## SOURCE INFORMATION
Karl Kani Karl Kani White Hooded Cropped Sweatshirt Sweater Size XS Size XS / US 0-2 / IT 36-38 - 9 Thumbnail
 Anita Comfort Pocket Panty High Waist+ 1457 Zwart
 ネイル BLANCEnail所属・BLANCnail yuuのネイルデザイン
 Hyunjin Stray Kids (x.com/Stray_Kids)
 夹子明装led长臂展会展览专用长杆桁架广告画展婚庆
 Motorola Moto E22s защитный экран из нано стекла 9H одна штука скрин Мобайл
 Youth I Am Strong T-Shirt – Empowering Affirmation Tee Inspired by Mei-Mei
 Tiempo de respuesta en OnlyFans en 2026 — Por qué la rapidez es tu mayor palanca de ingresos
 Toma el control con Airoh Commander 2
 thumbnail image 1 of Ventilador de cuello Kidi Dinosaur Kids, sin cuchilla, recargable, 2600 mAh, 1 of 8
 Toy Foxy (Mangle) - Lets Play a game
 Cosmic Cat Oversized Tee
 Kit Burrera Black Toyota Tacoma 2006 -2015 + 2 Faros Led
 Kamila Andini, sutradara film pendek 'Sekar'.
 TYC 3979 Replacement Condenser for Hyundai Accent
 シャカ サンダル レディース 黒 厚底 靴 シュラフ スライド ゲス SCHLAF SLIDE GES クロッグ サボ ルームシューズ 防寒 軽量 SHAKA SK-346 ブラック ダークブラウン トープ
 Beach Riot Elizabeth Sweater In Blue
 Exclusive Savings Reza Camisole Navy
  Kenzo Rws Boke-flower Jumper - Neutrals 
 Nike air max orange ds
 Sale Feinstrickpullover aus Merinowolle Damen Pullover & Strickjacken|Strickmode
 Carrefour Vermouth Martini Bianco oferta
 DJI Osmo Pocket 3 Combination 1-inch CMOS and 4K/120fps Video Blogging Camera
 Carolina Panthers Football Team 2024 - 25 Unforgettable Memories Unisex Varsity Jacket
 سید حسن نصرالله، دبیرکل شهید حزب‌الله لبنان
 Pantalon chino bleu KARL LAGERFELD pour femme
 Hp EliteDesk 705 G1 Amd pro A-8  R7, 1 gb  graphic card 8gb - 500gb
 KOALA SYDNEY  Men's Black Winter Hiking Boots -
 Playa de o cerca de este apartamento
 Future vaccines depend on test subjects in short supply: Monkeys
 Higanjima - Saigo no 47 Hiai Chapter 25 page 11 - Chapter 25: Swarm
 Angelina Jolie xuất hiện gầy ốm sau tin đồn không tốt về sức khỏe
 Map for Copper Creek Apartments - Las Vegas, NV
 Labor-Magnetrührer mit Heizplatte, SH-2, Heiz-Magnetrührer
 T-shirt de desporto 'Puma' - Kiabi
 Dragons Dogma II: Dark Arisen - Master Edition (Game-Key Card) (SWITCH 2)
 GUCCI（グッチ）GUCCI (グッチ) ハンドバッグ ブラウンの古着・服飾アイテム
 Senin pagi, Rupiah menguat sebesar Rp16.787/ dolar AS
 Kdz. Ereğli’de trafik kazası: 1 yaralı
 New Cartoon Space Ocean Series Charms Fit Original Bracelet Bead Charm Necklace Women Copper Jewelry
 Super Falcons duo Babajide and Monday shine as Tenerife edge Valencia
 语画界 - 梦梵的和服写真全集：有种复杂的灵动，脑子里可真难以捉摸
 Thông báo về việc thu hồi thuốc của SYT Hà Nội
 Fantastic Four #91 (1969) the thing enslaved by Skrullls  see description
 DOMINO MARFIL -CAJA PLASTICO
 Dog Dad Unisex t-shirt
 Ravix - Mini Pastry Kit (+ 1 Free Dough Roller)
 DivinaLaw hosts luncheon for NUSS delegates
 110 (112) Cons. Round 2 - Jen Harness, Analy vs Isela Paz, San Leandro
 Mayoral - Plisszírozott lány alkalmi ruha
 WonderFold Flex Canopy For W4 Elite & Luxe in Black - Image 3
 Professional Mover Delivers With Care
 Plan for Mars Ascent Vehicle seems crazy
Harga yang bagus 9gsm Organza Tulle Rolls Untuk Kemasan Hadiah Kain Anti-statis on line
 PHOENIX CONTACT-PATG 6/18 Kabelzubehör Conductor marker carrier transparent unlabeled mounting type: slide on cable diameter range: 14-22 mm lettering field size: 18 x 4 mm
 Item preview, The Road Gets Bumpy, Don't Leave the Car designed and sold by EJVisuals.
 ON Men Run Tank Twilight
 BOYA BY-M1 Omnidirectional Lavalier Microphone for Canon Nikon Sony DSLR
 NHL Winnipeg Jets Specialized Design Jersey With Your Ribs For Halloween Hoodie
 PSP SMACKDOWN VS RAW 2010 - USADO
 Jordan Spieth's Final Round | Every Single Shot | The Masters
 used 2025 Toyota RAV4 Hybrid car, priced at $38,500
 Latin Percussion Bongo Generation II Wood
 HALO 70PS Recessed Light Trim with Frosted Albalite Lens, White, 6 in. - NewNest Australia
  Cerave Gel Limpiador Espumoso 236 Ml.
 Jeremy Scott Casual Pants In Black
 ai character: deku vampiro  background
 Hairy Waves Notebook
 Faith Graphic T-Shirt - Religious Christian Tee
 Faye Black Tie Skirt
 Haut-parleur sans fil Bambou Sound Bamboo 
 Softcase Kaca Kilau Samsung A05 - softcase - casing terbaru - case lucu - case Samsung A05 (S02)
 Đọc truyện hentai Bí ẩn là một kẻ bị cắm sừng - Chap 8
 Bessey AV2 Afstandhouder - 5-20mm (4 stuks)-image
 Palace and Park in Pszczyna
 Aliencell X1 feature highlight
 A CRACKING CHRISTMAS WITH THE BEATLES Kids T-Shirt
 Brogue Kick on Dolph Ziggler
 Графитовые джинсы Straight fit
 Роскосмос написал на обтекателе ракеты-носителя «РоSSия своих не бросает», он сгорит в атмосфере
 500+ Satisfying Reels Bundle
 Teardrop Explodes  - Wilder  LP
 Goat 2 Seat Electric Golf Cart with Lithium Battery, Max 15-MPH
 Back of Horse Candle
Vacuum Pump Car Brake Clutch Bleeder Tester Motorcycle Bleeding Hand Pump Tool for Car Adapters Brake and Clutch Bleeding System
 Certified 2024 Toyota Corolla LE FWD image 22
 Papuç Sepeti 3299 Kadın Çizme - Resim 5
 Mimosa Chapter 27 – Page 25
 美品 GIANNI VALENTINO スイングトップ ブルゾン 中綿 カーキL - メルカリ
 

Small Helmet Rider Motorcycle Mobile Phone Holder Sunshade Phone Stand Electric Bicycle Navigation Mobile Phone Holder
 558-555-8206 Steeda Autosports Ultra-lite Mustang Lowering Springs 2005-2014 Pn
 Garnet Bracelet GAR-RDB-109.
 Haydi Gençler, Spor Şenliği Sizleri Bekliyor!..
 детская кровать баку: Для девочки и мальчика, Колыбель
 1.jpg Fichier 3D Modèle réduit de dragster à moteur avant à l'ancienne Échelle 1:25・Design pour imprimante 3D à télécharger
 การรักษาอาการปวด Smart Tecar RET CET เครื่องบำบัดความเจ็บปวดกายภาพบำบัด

## WHAT IS NEEDED
Every line above from the line with "语画界 - 梦梵的和服写真全集：有种复杂的灵动，脑子里可真难以捉摸" to the line with "110 (112) Cons." is wanted, ends included; write them out exactly and add no other line.

## SOLUTION TO THIS EXERCISE
 语画界 - 梦梵的和服写真全集：有种复杂的灵动，脑子里可真难以捉摸
 Thông báo về việc thu hồi thuốc của SYT Hà Nội
 Fantastic Four #91 (1969) the thing enslaved by Skrullls  see description
 DOMINO MARFIL -CAJA PLASTICO
 Dog Dad Unisex t-shirt
 Ravix - Mini Pastry Kit (+ 1 Free Dough Roller)
 DivinaLaw hosts luncheon for NUSS delegates
 110 (112) Cons. Round 2 - Jen Harness, Analy vs Isela Paz, San Leandro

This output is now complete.